Tags
B/X, Dungeon, Dungeons & Dragons, Fantasy, In Search of the Unknown, Kudos, Maps, OSR, RPG, TSR
I’ve talked before about how much of a fan I am of the classic adventure In Search of the Unknown.
But there are times when the convoluted and bizarre map just doesn’t work the way I want for a game. As it stands, the potential exists that a lot of the game time can be spent exploring the hallways of the adventure instead of the far more interesting rooms that those corridors lead to. It also includes a LOT of areas where the walls a “a pencil stroke thick” (or as I generally play them, 1″ thick masonry walls).
Generally I’m cool with the original map because it encourages exploration play and you can make various areas of the dungeon feel isolated from each other (like the throne room on the lower right which certainly feels like it’s own “sector” of the dungeon.)
But a thread over on Dragonsfoot turned me on to this alternate map for the upper level of the dungeon. It keeps all the numbered rooms from the original, but cleans up the design to make it more consistent and also a lot easier to explore. I’m not sure I like the throne room being right as you walk into the main intersection, but it makes sense in it’s own way.
I’ve printed it off and put it inside my copy of B1 in case I want to pull it out with a different floorplan for a faster exploration experience.
I have run this adventure dozens of times. Like you I am a fan and I treat it as my go to adventure for new groups.
This new map is really nice. I am going to have to give it a try sometime.
That’s awesome! I like it a lot. Alas, I’ve got my kids half way through it already… i can’t change the map now. Drat.
By the way, i used two of your maps for mini-ventures for the boys on the way to Quasqueton. You posted an unkeyed tower and some river caves right when i needed them. So, thanks for that.
Thanks, I like this map a lot! I have always thought that map was an odd choice for an introductory adventure. My daughters have been exploring Quasqueton and I have had to help them with the map a lot.
I have written up actual game play logs for them over at my Castle Triskelion blog, but my younger daughter, now age 9, wants to move on from there, and they haven’t even got to the lower level yet. Of course, their party is all level 1 types so they would probably die if they did.
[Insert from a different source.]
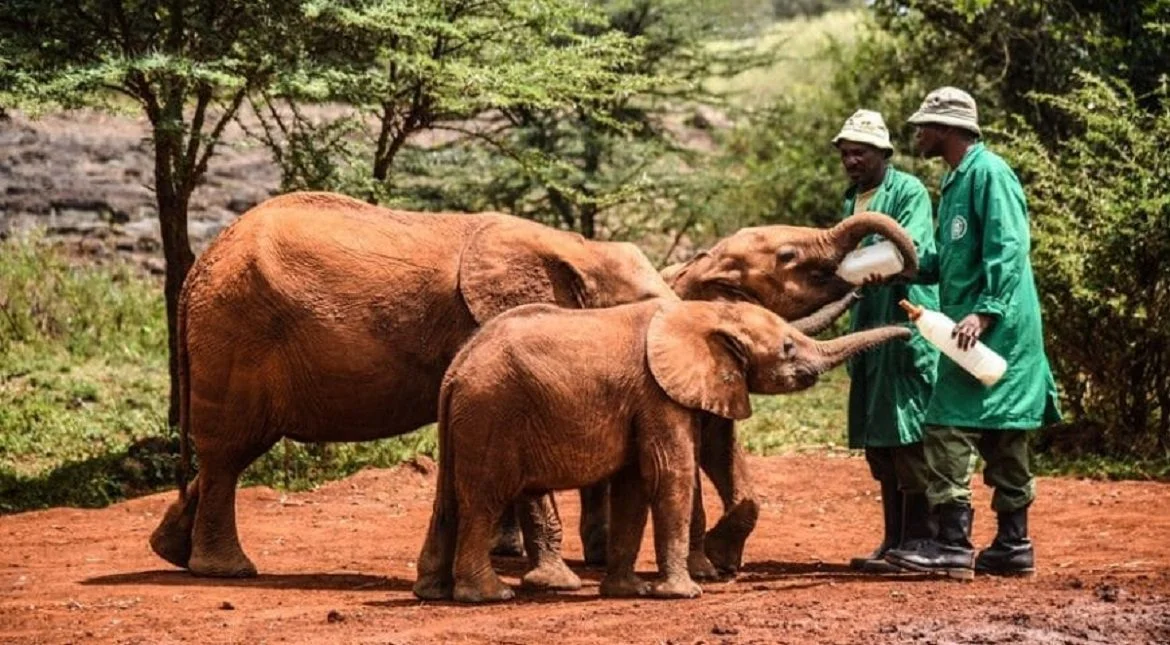 Elephant Orphanage & Conservation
Whenever I run into the “pencil-thin” walls in a module like this, I’ve always made them 1-foot-thick stone. That only takes a foot off the width of the corridors (making your typical dungeon hallway 9 feet wide), which isn’t exactly something people would notice. If you make the entire dungeon this way — so that ‘exterior’ walls are dressed with the same foot-thick blocks — it keeps everything consistent.
When I’m transcribing a map into Sketchup (usually in preparation for making it 3D), I just copy the map as-is, then offset all the walls by 6″. You get foot-thick interior walls, and everything looks right.